Часть 20
Черный «вольво» с затонированными стеклами остановился возле бордюра. За решетчатым забором виднелся корпус Института Склифосовского.
С водительского места дорогой иномарки выбрался мужчина в короткой кожаной черной куртке и темных джинсах. Он стоял, вглядываясь в окна этого не самого приятного заведения, и задумчиво курил. Он стоял, словно раздумывая, идти или нет туда, внутрь.
Прохожие, спешившие по тротуару мимо него, изредка бросающие взгляды по сторонам, если цеплялись взглядом за его лицо, то норовили как можно быстрее отвести глаза — выражение его лица по-другому как-то, кроме как мертвым, назвать было просто нельзя.
Мужчина огляделся по сторонам, выбросил сигарету, которую не докурил даже до половины, и резко шагнул на тротуар. Идти ему было неуютно — непривычно было прихрамывать на ногу, которую он травмировал тогда, во время прыжка на этого беглого отморозка.
Прихрамывая, он поднялся по лестнице и вошел внутрь. Он твердо знал, куда ему надо было идти. И шел прямой, уверенной походкой. Даже его хромота куда-то делась в этот момент.
Выражение его лица не изменилось в этот момент. Словно оно приросло к нему. Окружающие, кто осмеливался взглянуть на него, тут же в ужасе отводили глаза, испугавшись этой мертвой пустоты, которая зияла в глазах.
Мужчина подошел к палате. Он не раз уже сюда приезжал, только сегодня первый раз осмелился подойти к окну и взглянуть на маленькую девочку, лежащую под одеялом на больничной койке.

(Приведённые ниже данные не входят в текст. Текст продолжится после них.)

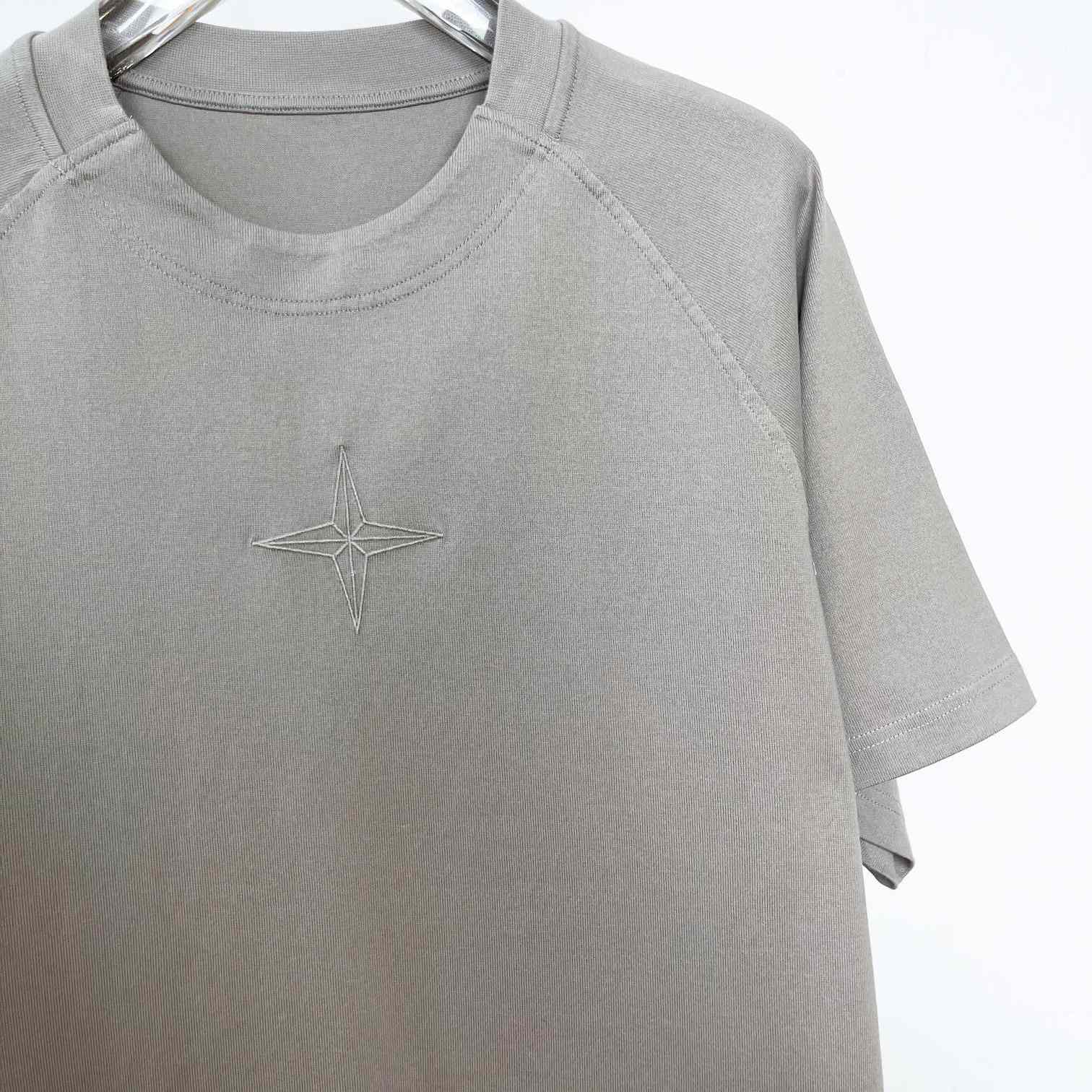 Stone Island Logo T-shirt - everydesigner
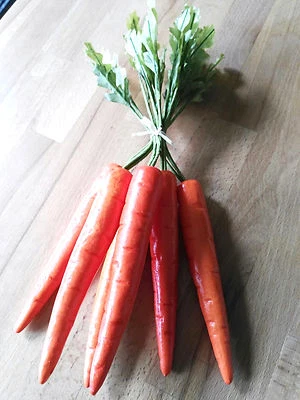 6 x Große Möhren Karotten Deko Attrappen Dekoration Kunstobst Gemüse Kunstgemüse - Bild 1 von 4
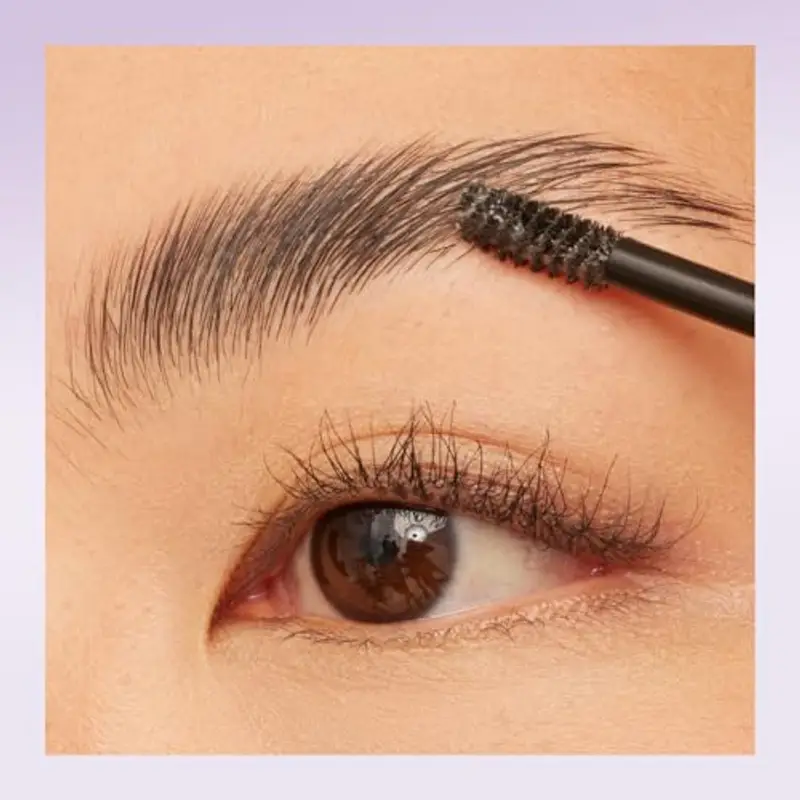 Maybelline New York Gel Sopracciglia Super Lock Brow Glue, Sopracciglia Modellate e Fissate, Per Tutti i Tipi di Sopracciglia, Resistente alle Sbavature e No Transfer, Colore: Trasparente miniatura 3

Он смотрел на нее и понимал, что сейчас ему вряд ли хватит смелости взглянуть в глаза матери этой девочки, которой тогда, вечером на кухне, он пообещал, что защитит их в любой ситуации.

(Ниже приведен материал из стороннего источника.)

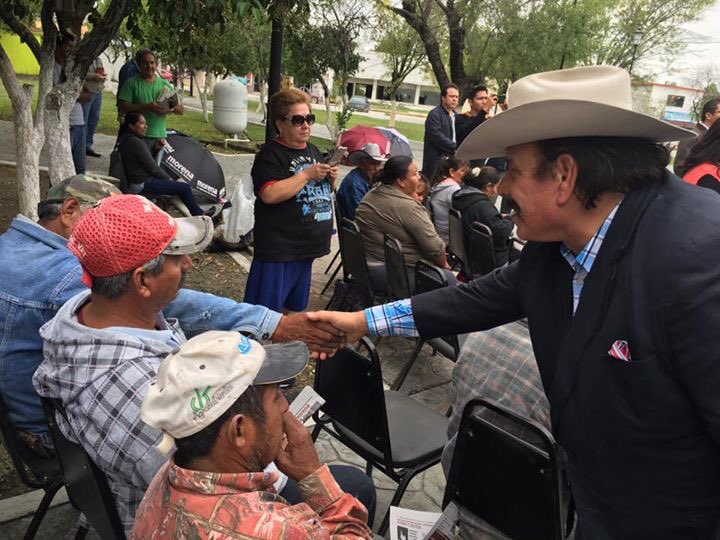 uncafeconcecygu's tweet photo. Ya estamos en #VillaUnión. Gracias por ese cálido recibimiento, me siento como en casa.#Coahuila. https://t.co/gyUyVGPVnt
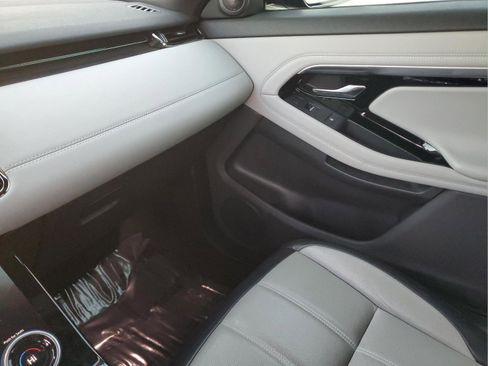 Used 2022 Land Rover Range Rover Evoque R-Dynamic S image 21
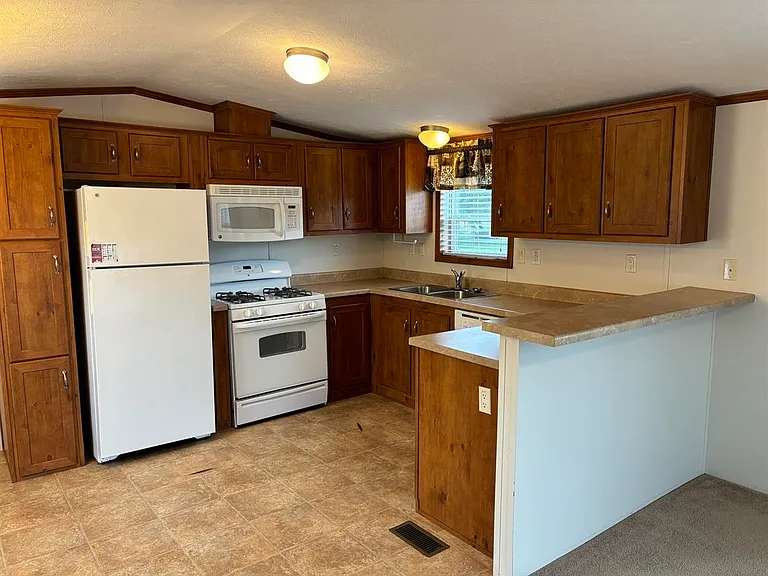 72 Wanda Ln — Photo 4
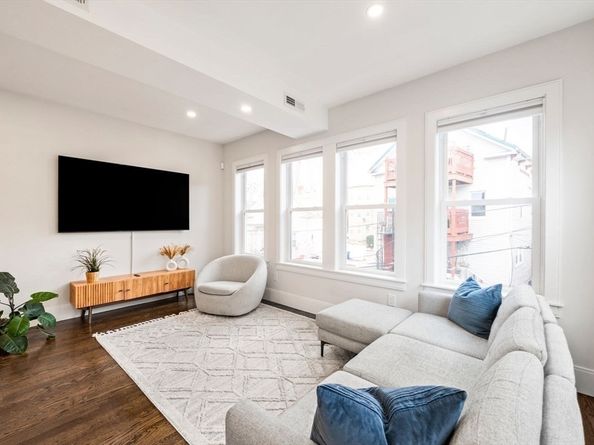 12-14 Porter St 12, Boston MA 02130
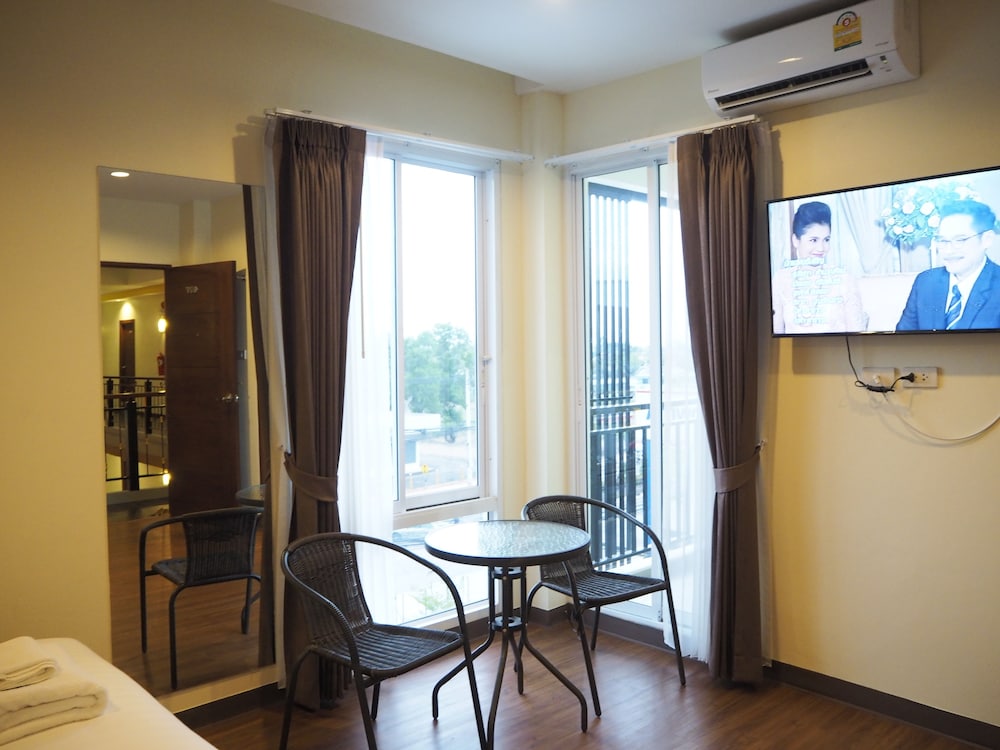 Suksomboon Hotel 34/39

Женщина, сидевшая рядом с койкой, подняла глаза и, увидев впервые за два месяца его, спокойно встала и вышла из палаты.
Он стоял, не отводя глаз от маленькой девочки, лежащей за стеклом на койке.
— Зачем ты приехал? — Ирина скрестила руки на груди и прислонилась спиной к двери.
— Как Настя? — мужчина не поворачивался, чтобы скрыть то усилие, с которым он сдерживался, чтобы не заплакать.
— Зачем тебе знать? — Ирина говорила спокойно, но в голосе слышалась злоба. — Ведь это ты виноват, что все так произошло. Твое движение тогда, когда ты спохватился, что у тебя с собой должен быть пистолет, его напугало. Только пистолета у тебя с собой не оказалось. Я не виню тебя, что ты нас не защитил. Если бы не ты тогда, то Насти вообще не было бы в живых сейчас. Но ты его напугал. И этот испуг стоил того, что моя дочь сейчас лежит там, на койке. И неизвестно, когда выкарабкается.
— Я не отрекаюсь, что это я виноват. Что я могу сделать для вас? — мужчина повернулся к жене, и та увидела стоявшие в его глазах слезы.
— Исчезнуть из нашей жизни, — Ирина понимала, насколько тяжело сейчас отразятся ее слова в его душе. Но она уже давно приняла решение, что вычеркнет этого человека из своей жизни. Ради безопасности собственной дочери. — Мы проживем без тебя сами. Исчезни, пожалуйста. И не появляйся больше вообще. Сделай так, чтобы Настя тебя больше не видела. А нашему сыну я скажу, что его отец геройски погиб, защищая нас. Насте я скажу также.
— Я понял тебя. Ты знаешь, как меня найти, если я тебе буду нужен, — кивнул Демон, развернулся на каблуках и медленно пошел прочь.
Ирина смотрела вслед на этого мужчину, которого она любила. Но свое решение менять она не хотела. И не собиралась. Она видела, что этот статный широкоплечий мужчина, который сейчас шел по коридору прочь, как-то резко сгорбился, ссутулился. И стала еще заметнее его хромота. Словно он резко постарел. Причем не на год или пять, а на пару десятков как минимум.
Ирина прекрасно понимала, как ее слова резанули ему не только ухо, но и душу. Может быть, потом она передумает и решит, что должна поступить была по-другому, но сейчас ей решение такое казалось самым оправданным. А сына она назовет Матвеем Александровичем. Да, отчество у него будет его, Воропаева.
Она взглянула на мирно спящую дочь, потом на уходящего прочь мужа, встрепенулась, хотела было что-то крикнуть ему вслед, остановить его. Но почему-то остановилась, махнула рукой и вернулась обратно к дочери в палату.